Aldo Tonin Bumçi (born 11 June 1974) is a member of the Assembly of the Republic of Albania for the Democratic Party of Albania. He was Minister of Justice from 2005 to 2007, Minister of Foreign Affairs on 2013.  He is also member of Committee on Legal Affairs, Public Administration and Human Rights and Committee on European Integration.

Early life
Bumçi was born 1974 in the Albanian capital of Tirana.

Career
He is a member of the Albanian Parliament, serving a constituency based around the northern Albanian town of Lezhë. He was elected as a representative of the Democratic Party of Albania.

Minister of Justice
From 2005 to 2007, he served as the country's Minister of Justice in the government of Prime Minister Sali Berisha.

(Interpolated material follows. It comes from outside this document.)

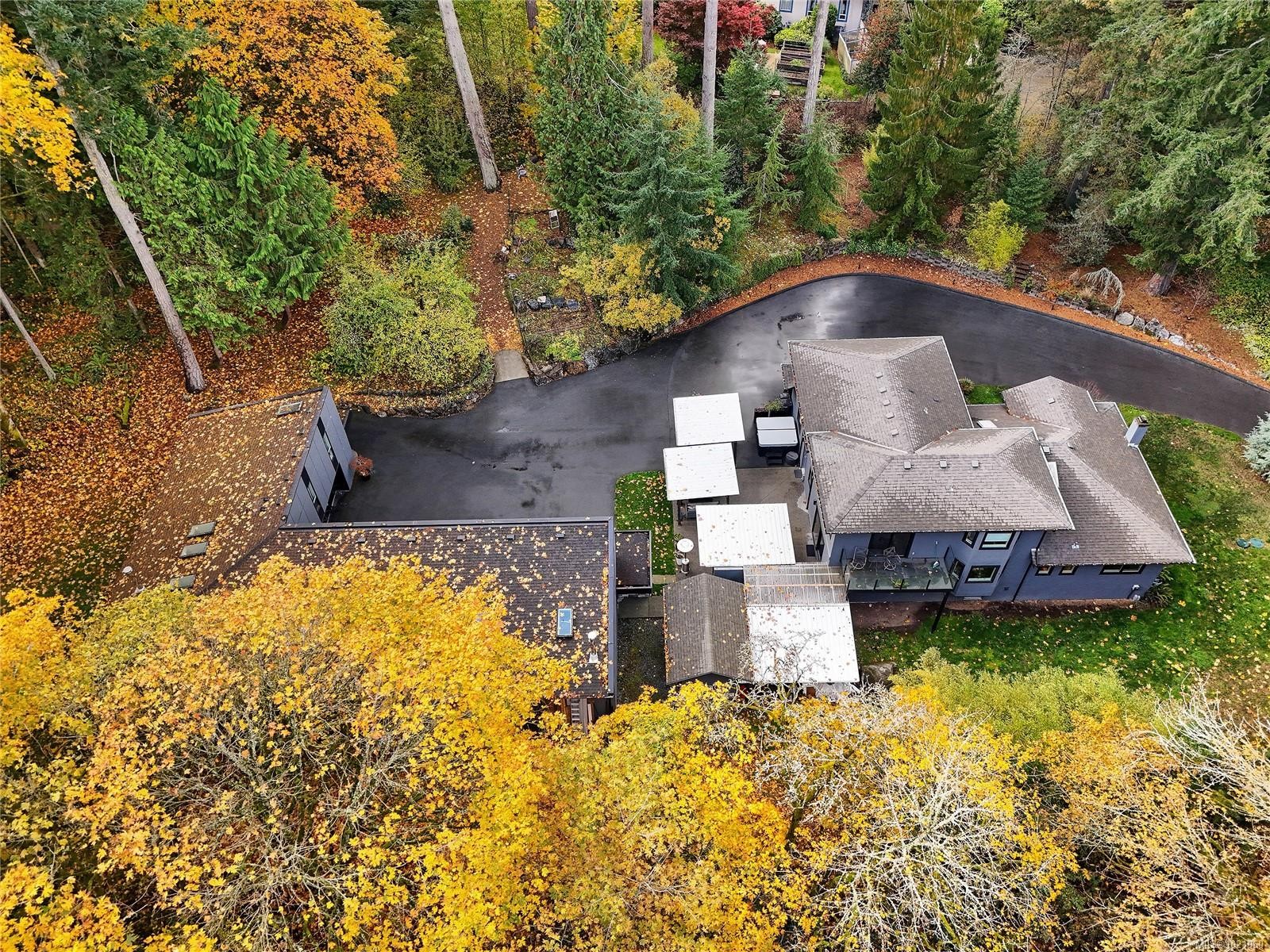 851 Sayward Rd, Saanich, BC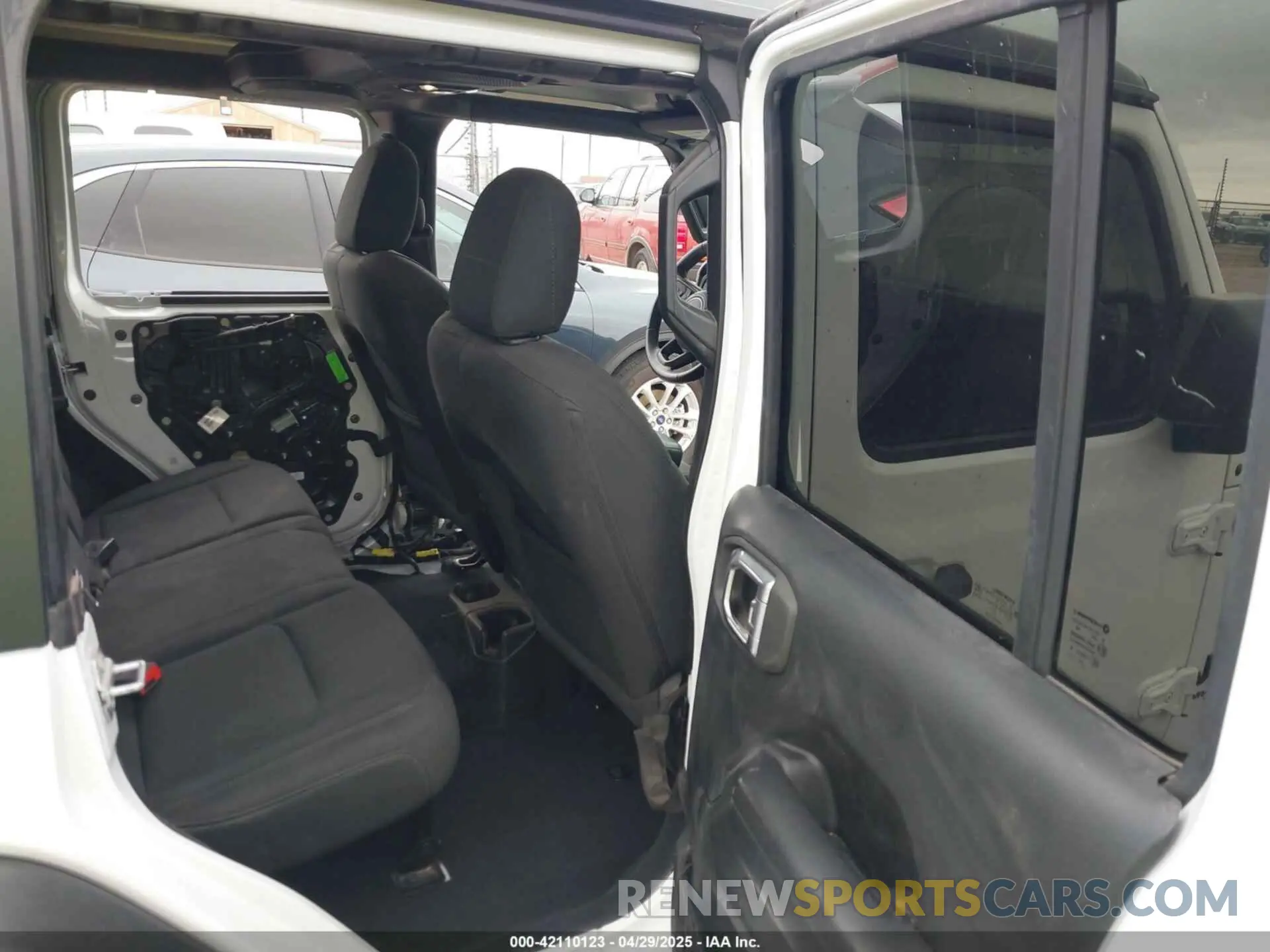 8 Фотография поврежденного автомобиля 1C4HJXDG8MW509322 JEEP WRANGLER UNLIMITED 2021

Bumçi's term as Minister of Justice was marked by the government's efforts to dismiss the Prosecutor General of Albania, Theodhori Sollaku. While generally recognized to have been an ineffective Prosecutor General and accused by the ruling coalition of links to organized crime, the proceedings against him in the Parliament were deeply flawed , eventually leading President Alfred Moisiu to issue a statement saying more time is needed to examine all the related documentation. This led to an outcry from the Democratic Party, which claimed to have investigated 83 cases of criminal action by Sollaku and reached guilty verdicts in all of them  in an extraordinarily short period of time. After President Moisiu refused to decree the dismissal, Bumçi became the leading voice of the Democratic Party carrying on the fight to remove Sollaku.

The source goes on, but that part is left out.